Bruno Cholet, 55, denies the 2008 murder of Susanna Zetterberg, 19. The verdict in his trial is due to be delivered on Friday.
In final summing up on Thursday, prosecutor Jean-Paul Content requested the toughest possible sentence for Cholet, who has previous convictions for three rapes and an armed robbery.
"The interest of society is to ensure that he cannot repeat this abominable crime," Content told the court. "The evidence of his guilt is overwhelming."
Cholet denied having murdered the language student after picking her up in his illegal taxi outside a Paris nightclub in the early hours of April 19, 2008.
Her body was recovered later the same day in Chantilly forest north of the capital. She had been shot four times in the head, had her hands tied behind her back with handcuffs and her corpse was so badly burnt police were unable to establish whether she had been sexually assaulted.
Zetterberg's mother, Åsa Palmqvist, told the court that nothing would take away the pain of not knowing what happened to her daughter in the final hours of her life.
"The hardest thing is not knowing what happened to her before she died," Åsa Palmqvist said through an interpreter.
"No judgement can change that," she said. "Sanna is my child. She will not come back. Sanna is our daughter, the sister of Samuel and we love her."
Zetterberg's father, Karl Zetterberg, said: "For reasons that you will understand, I would have preferred not to have come here. But now that I am here, I feel sure that justice will be done.

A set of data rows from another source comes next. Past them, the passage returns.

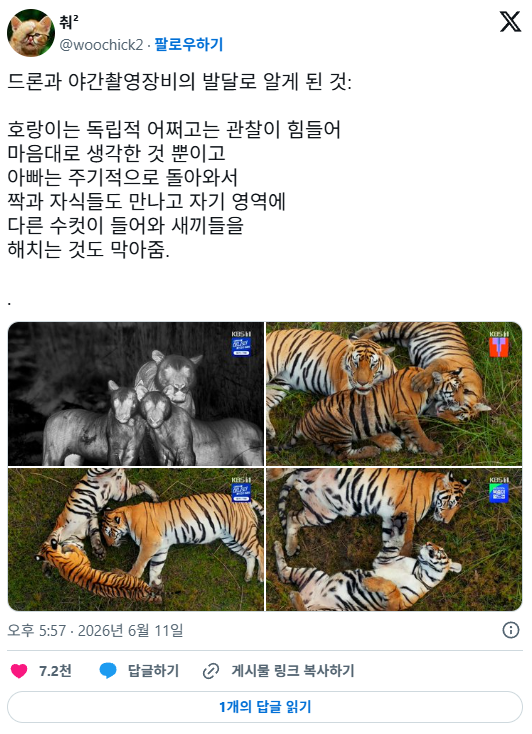 드론과 야간촬영장비의 발달로 알게 된 것🐯🐯🐯 | 인스티즈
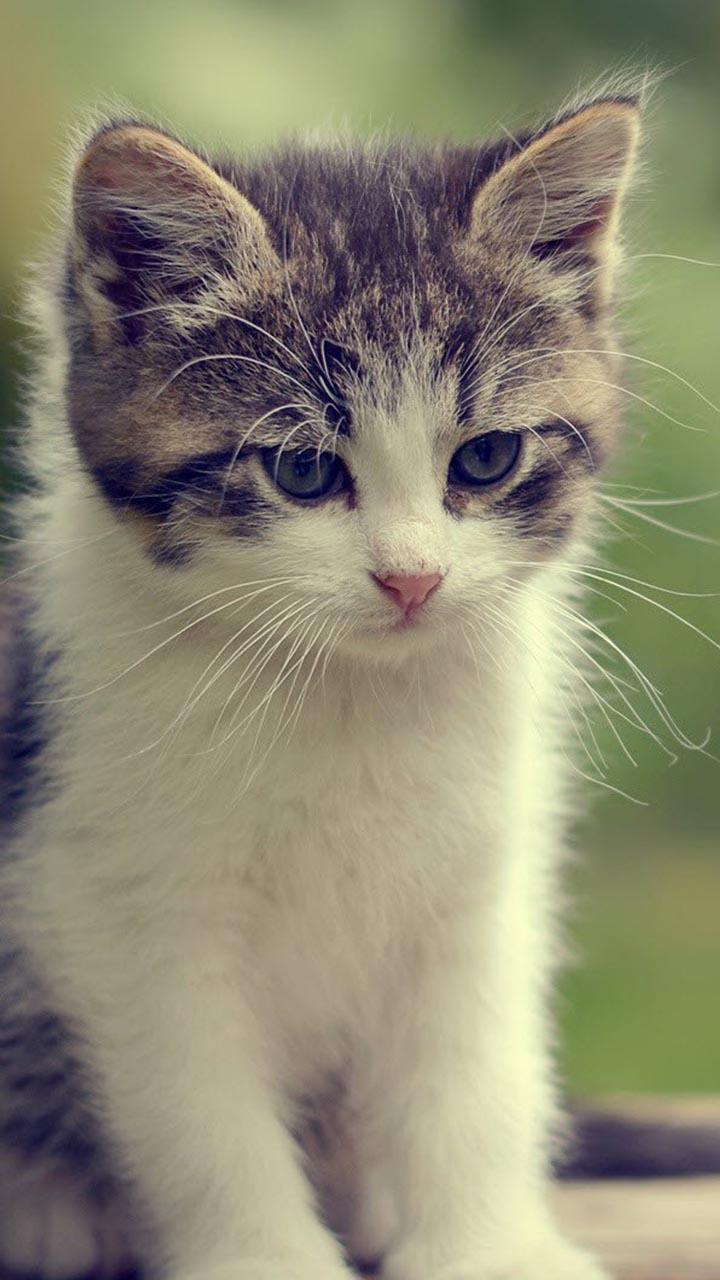Beautiful Cats Wallpapers screenshot image 4_Popularmodapk.com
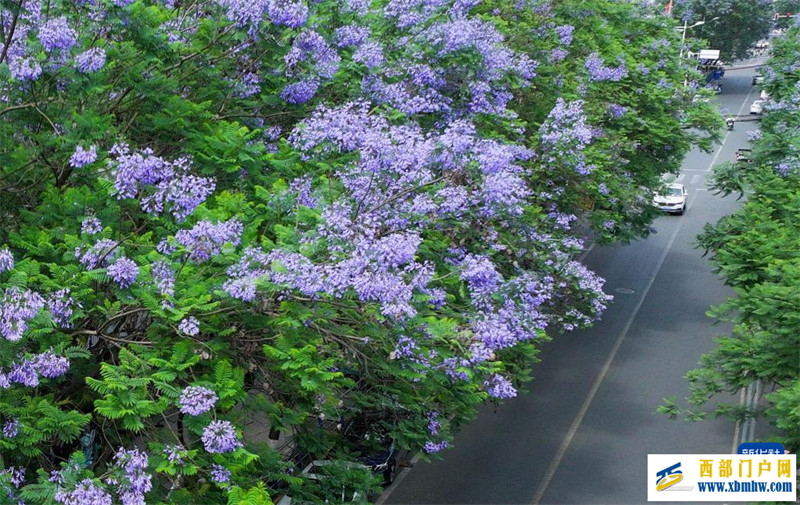四川遂寧：藍花楹扮靚城市(圖3)
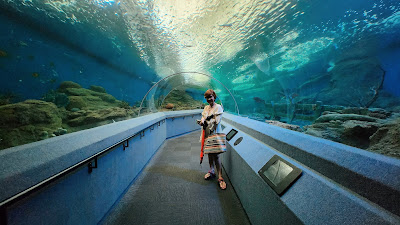 Underwater World Pattaya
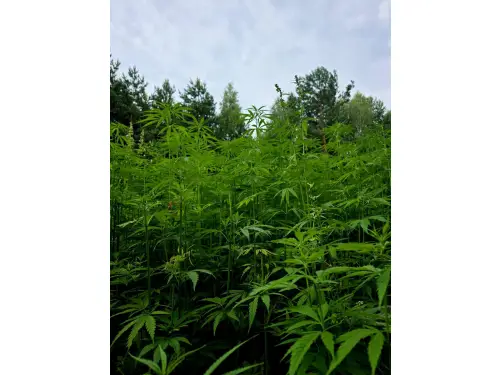 Konopie Fedora 17 na słabych glebach – ekologiczny sukces gospodarstwa Naturalnie z Kotfina
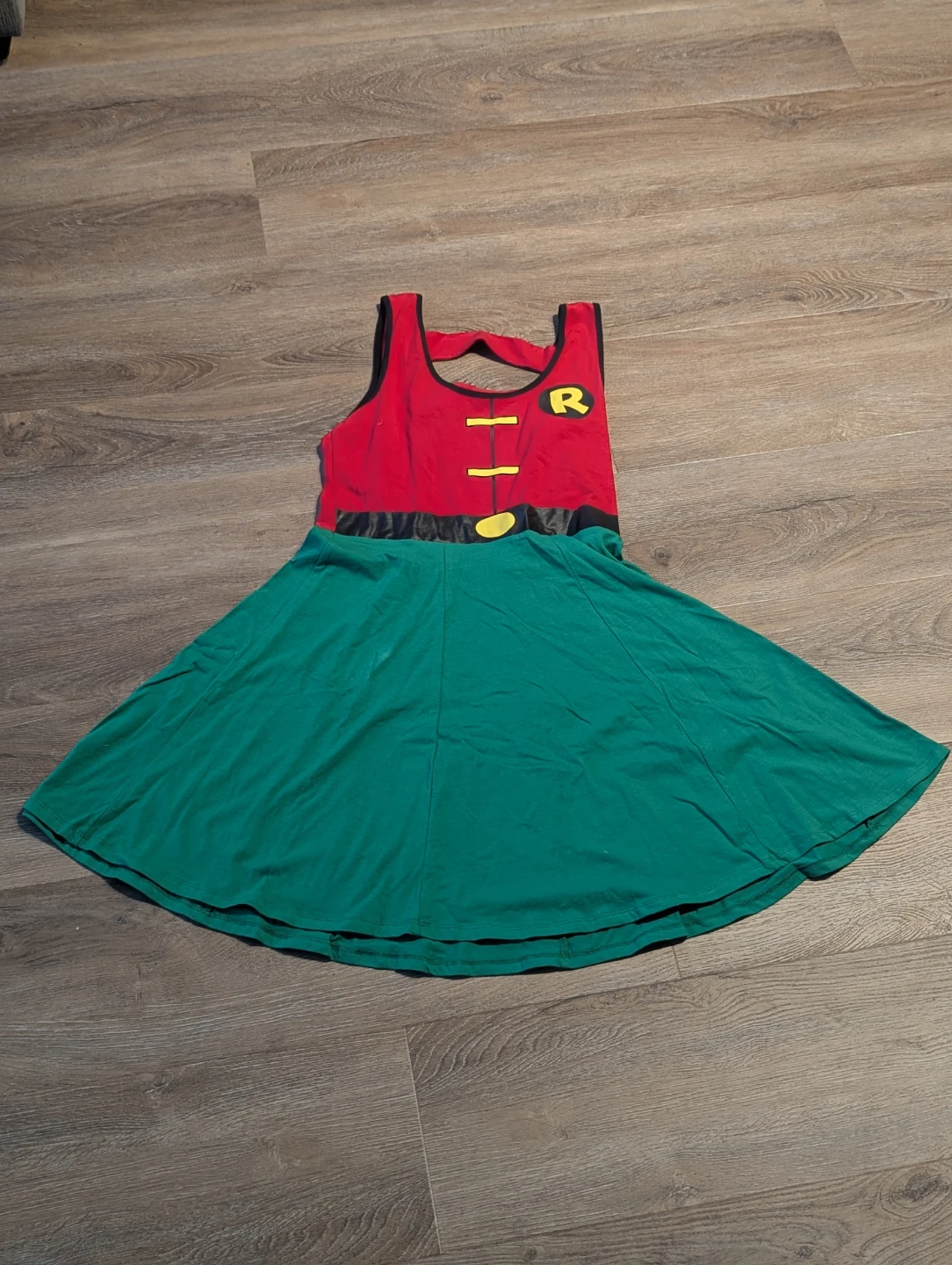 Robin Costume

"The solid work of the police during the investigation and everything that I have seen and heard in court has convinced me that the person responsible for the death of my daughter will have to account for his actions."
Asked by judge Xavière Simeoni if he wanted to say anything to the accused, Karl Zetterberg turned towards the dock but replied: "No, your honour, I don't think so."
The prosecution case rests on evidence that the DNA of both Cholet and the victim were found on a gun recovered from his car.
Cholet claims the police fabricated the evidence in a bid to frame him after he refused to become an informer.
A psychiatrist who testified earlier in the trial described the 55-year-old as having a "psychopathic" personality that was unlikely to be reformed by specialist treatment.